4. Input assumptions start to fail
Screen size gets attention. Input method usually doesn’t — until things feel off.
What breaks:
- No keyboard navigation
- Invisible focus states
- Hover-dependent UI on touch devices
- Touch-only gestures on desktop
On larger devices, users expect precision and speed. An app designed purely for touch often feels slow and clumsy with a keyboard and mouse.
Why it happens
Input was assumed, not designed.
How to avoid it
- Support keyboard navigation early
- Make focus visible and predictable
- Avoid gestures as the only way to act
If users can’t tell what’s focused, they’ll feel lost.
5. Performance degrades unevenly
Multi-device doesn’t mean equal hardware.
What breaks:
- Smooth phone performance, laggy tablet experience
- Expensive recompositions during resizing
- Animations that stutter on larger layouts
These issues often go unnoticed until late testing.
Why it happens
Performance was tuned for one form factor.
How to avoid it
- Test performance across size classes, not devices
- Watch for layout-triggered re-renders
- Optimize transitions, not just steady states
Consistency matters more than raw speed.
6. Feature parity becomes a trap
One of the fastest ways to hurt a multi-device app is trying to ship everything everywhere.
What breaks:
- Overcrowded phone UIs
- Underutilized tablet space
- Complex flows forced onto small screens
Why it happens
Teams chase symmetry instead of usability.
How to avoid it
- Decide which features benefit from space
- Scale features intentionally, not automatically
- Allow some capabilities to appear only where they make sense
This same selective approach is becoming common with AI features across platforms
👉 Apple, Google, and Samsung Are All Betting on On-Device AI
Not every device needs every tool.
7. Testing misses real-world behavior
Many multi-device issues survive because they’re never tested properly.
What gets missed:
- Resizing during active tasks
- Keyboard-only navigation
- Multi-window workflows
- Long sessions on large screens
Why it happens
Testing focuses on correctness, not experience.
How to avoid it
- Resize while interacting, not just at launch
- Test with different input methods
- Use the app the way users actually will
If it feels awkward for you, it will feel worse for users.

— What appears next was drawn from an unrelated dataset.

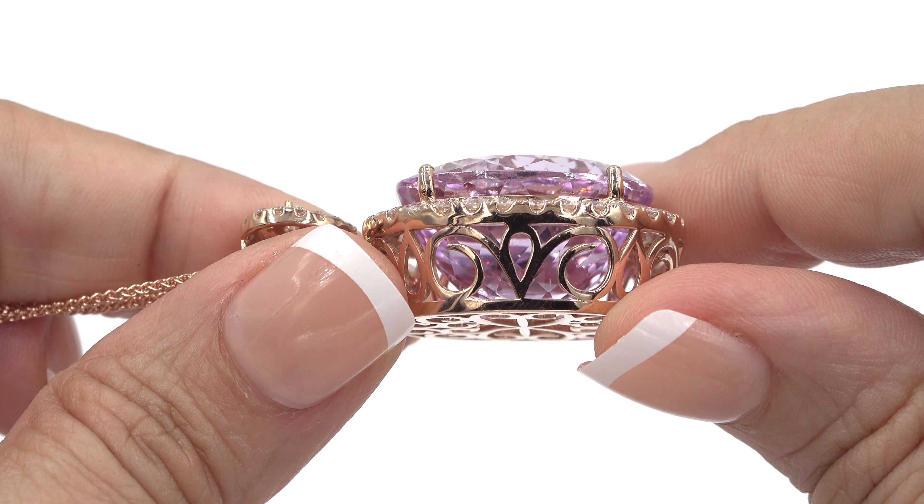Please know that both GIA reports and the Certified Jewelry Report will be included with your purchase. Certified Jewelry offers white glove service which includes free domestic same-day FedEx shipping.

The pattern behind all these failures
Almost every early multi-device failure comes down to one thing:
Assumptions.
Assumptions about:
- Screen size
- Input method
- App visibility
- User focus
Multi-device apps break when those assumptions stop being true.
This is why multi-device success is less about tooling and more about mindset
Final thoughts
When apps go multi-device, the first things to break aren’t exotic features — they’re fundamentals.
Layouts, navigation, state, and input expose whether an app was designed to adapt or merely resized after the fact.
The teams that succeed don’t avoid these problems by accident. They anticipate them, design for flexibility early, and test for feel, not just correctness.
Multi-device doesn’t have to be painful — but it does demand honesty about what usually breaks first.